**Saved entries**
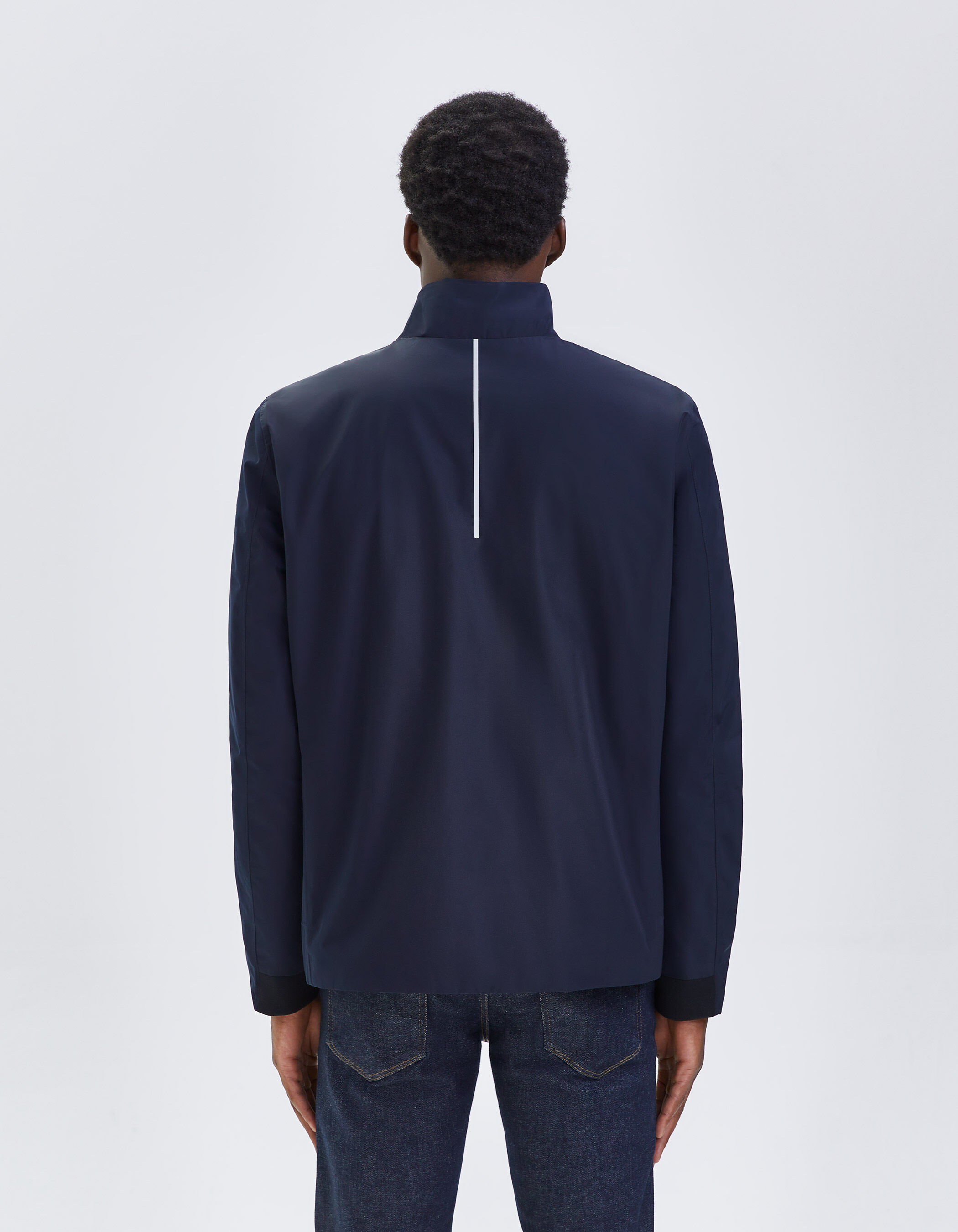 Cazadora corta azul marino WATERPROOF hombre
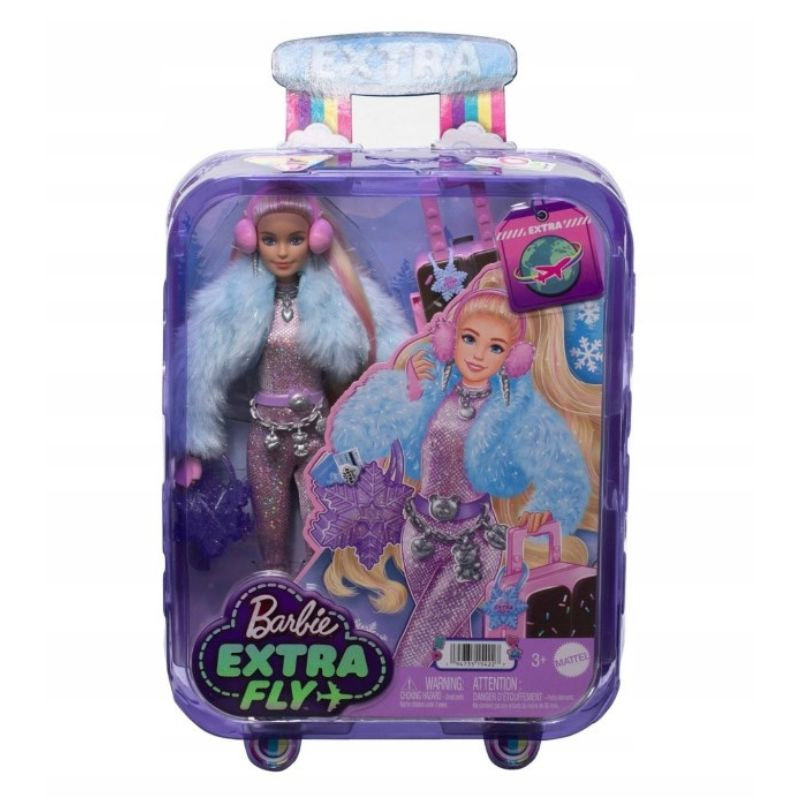 Mattel Κούκλα Barbie Extra Fly Vacation Snow - Χιόνι (HPB16)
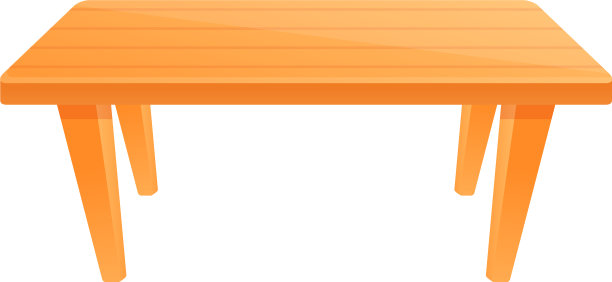 房间木桌图标卡通风格图片下载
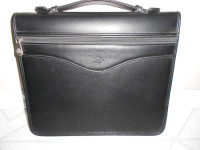 Leather laptop carry case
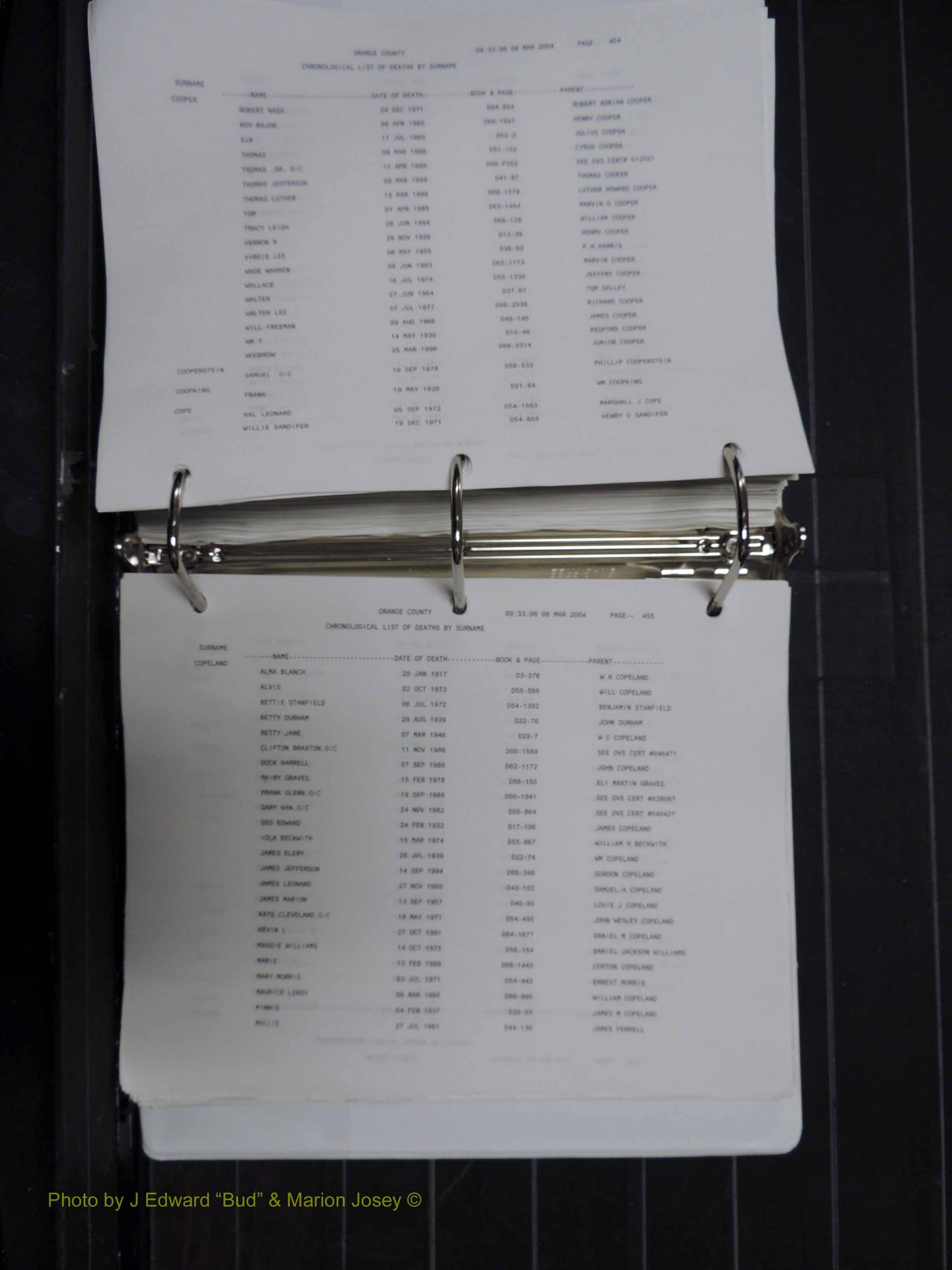Orange Co, NC, Death Index, A-G, 1913-1998 (332).JPG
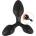 Black Velvets Training Triple Butt Plug Black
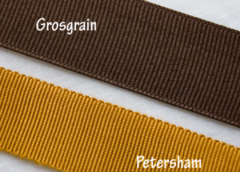 petersham ribbon vs grosgrain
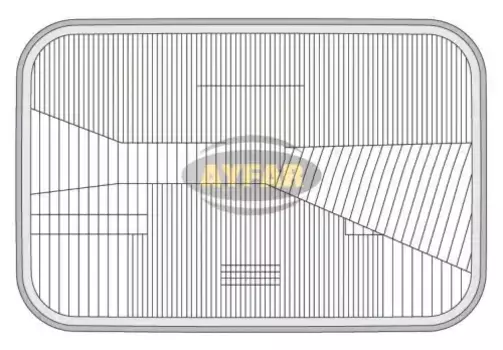 Стекло фары AYFAR C11523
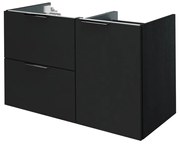 Mobile da bagno sotto lavabo Neo  L 105 x H 64 x P 48 cm 2 cassetti 1 anta, lavabo non incluso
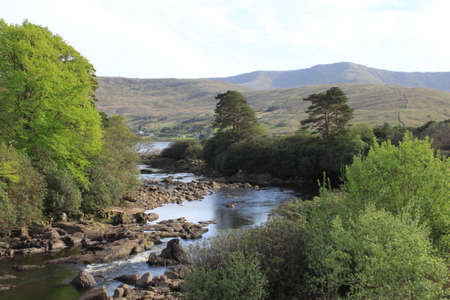 View of the Erriff River near Leenane, Irelandの写真素材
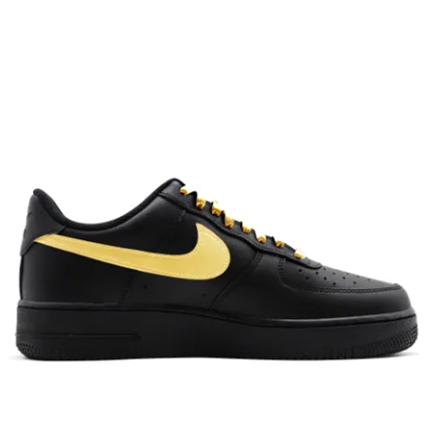 Custom Air Force 1 Low Black Gold Swoosh Free Font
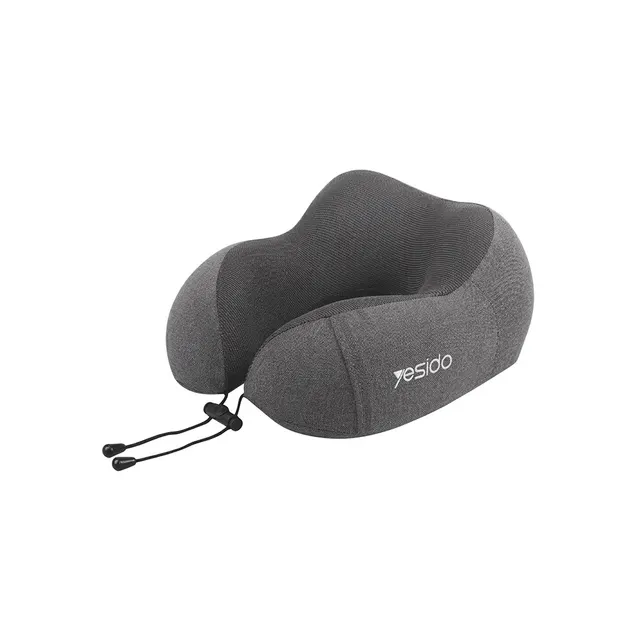 Μαξιλάρι Αυχένα Yesido MG17 Memory Foam 27x24x15cm Γκρι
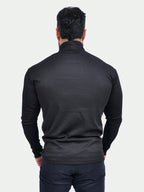 Suéter Masculino Canelada Ribana Gola Alta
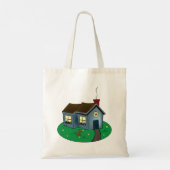 Cute Cottage Home Tote Bag (Achterkant)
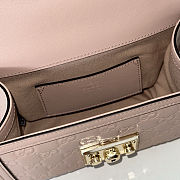 Colestore Gucci Padlock Small Top Handle Bag in Pink Beige GG leather 20x13x8cm - 2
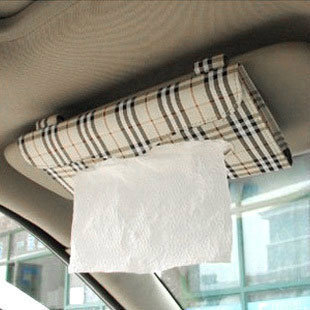 汽车遮阳板纸巾盒套车用吸顶式餐巾纸盒吸顶车内挂式抽纸盒带抽纸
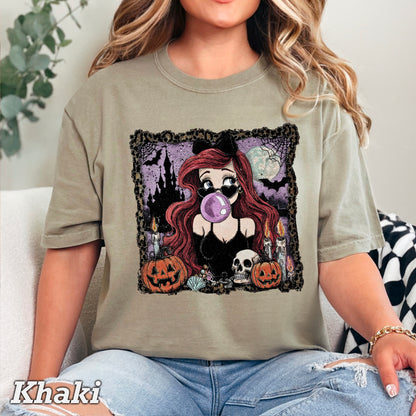 Halloween Princess Halloween Comfort Color Graphic Tee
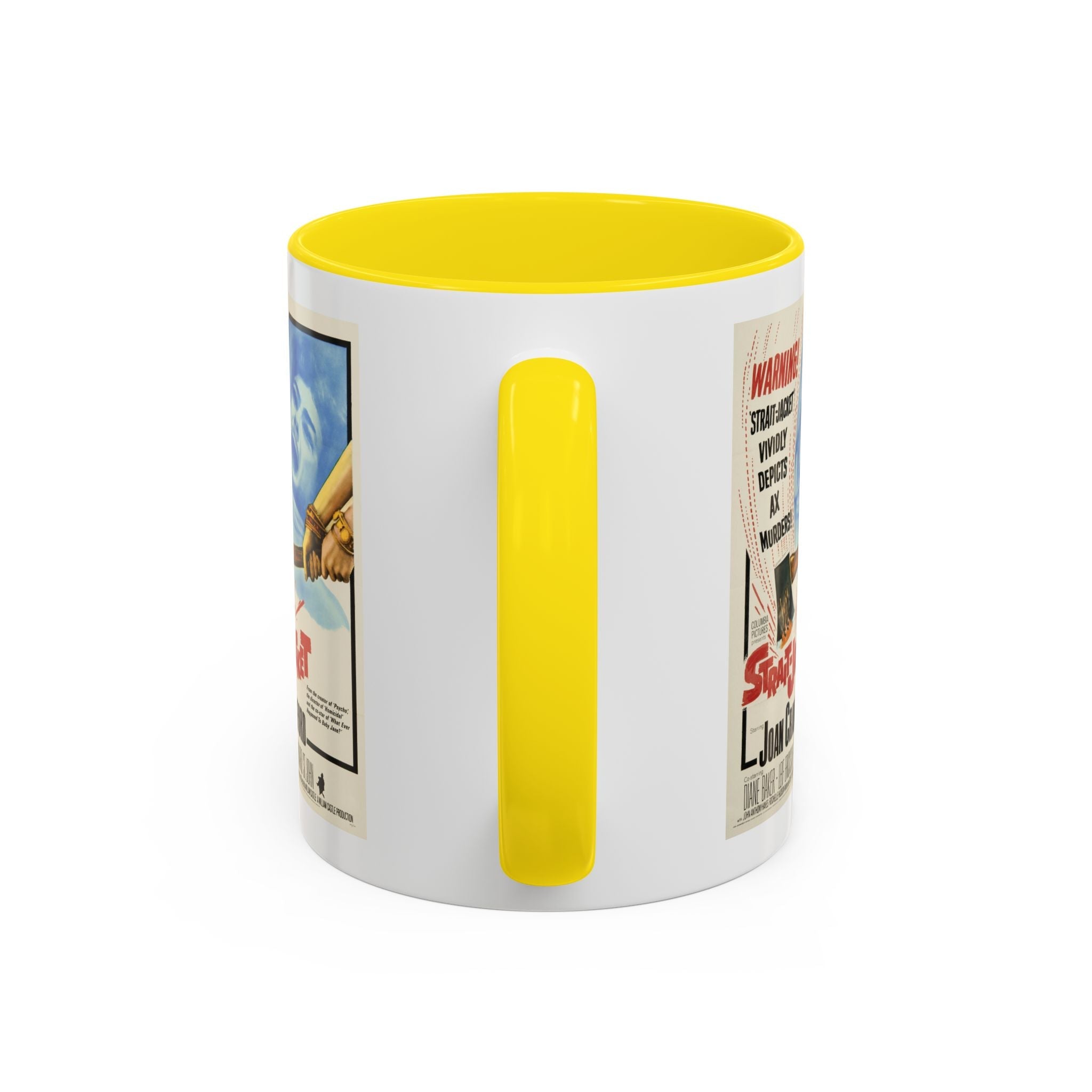 Cult Classic Movie Poster Art Accent Coffee Mug (11, 15oz) - Strait - Jacket 1964 - POPvault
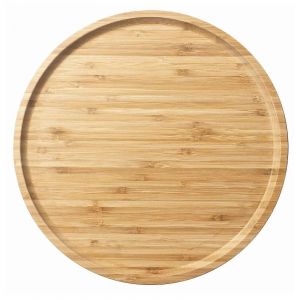Ronde En Bois Plateau En Bois Plateau De Service Pour Les Fruits Et Le Pain De 13,8 Pouces Charcuterie Conseil - Neuf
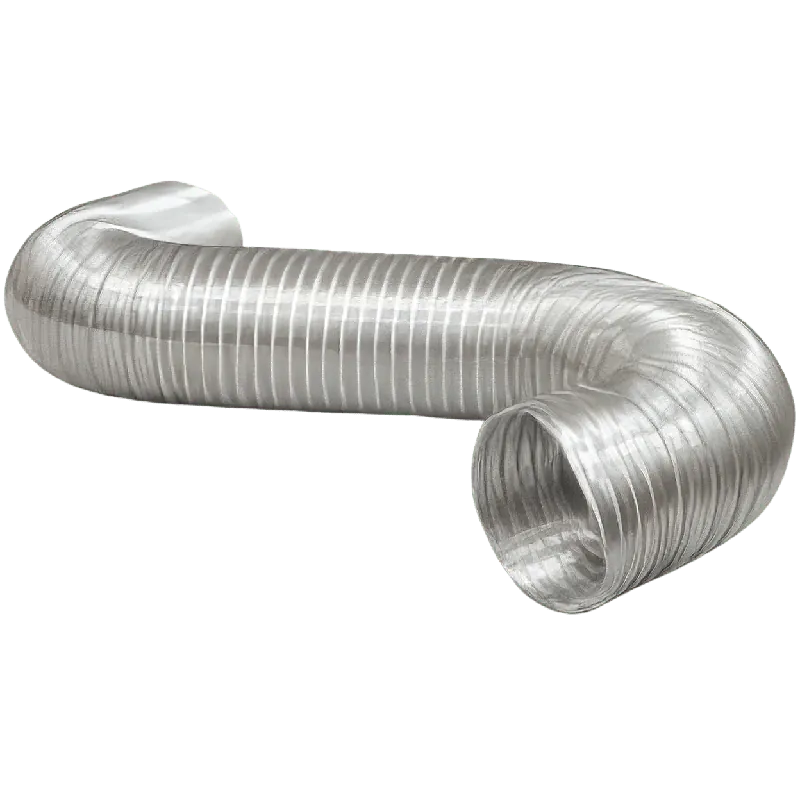 Deflecto AC14027V Non-Crimped Semi-Rigid Flexible Aluminum Duct 7 inch x 8 ft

**WHAT IS BEING ASKED**
Once the line containing "Orange Co, NC, Death" is found, it and every line through the end of the records above should be output exactly, with no pictures.

**EXERCISE RESPONSE**
Orange Co, NC, Death Index, A-G, 1913-1998 (332).JPG
 Black Velvets Training Triple Butt Plug Black
 petersham ribbon vs grosgrain
 Стекло фары AYFAR C11523
 Mobile da bagno sotto lavabo Neo  L 105 x H 64 x P 48 cm 2 cassetti 1 anta, lavabo non incluso
 View of the Erriff River near Leenane, Irelandの写真素材
 Custom Air Force 1 Low Black Gold Swoosh Free Font
 Μαξιλάρι Αυχένα Yesido MG17 Memory Foam 27x24x15cm Γκρι
 Suéter Masculino Canelada Ribana Gola Alta
 Cute Cottage Home Tote Bag (Achterkant)
 Colestore Gucci Padlock Small Top Handle Bag in Pink Beige GG leather 20x13x8cm - 2
 汽车遮阳板纸巾盒套车用吸顶式餐巾纸盒吸顶车内挂式抽纸盒带抽纸
 Halloween Princess Halloween Comfort Color Graphic Tee
 Cult Classic Movie Poster Art Accent Coffee Mug (11, 15oz) - Strait - Jacket 1964 - POPvault
Ronde En Bois Plateau En Bois Plateau De Service Pour Les Fruits Et Le Pain De 13,8 Pouces Charcuterie Conseil - Neuf
 Deflecto AC14027V Non-Crimped Semi-Rigid Flexible Aluminum Duct 7 inch x 8 ft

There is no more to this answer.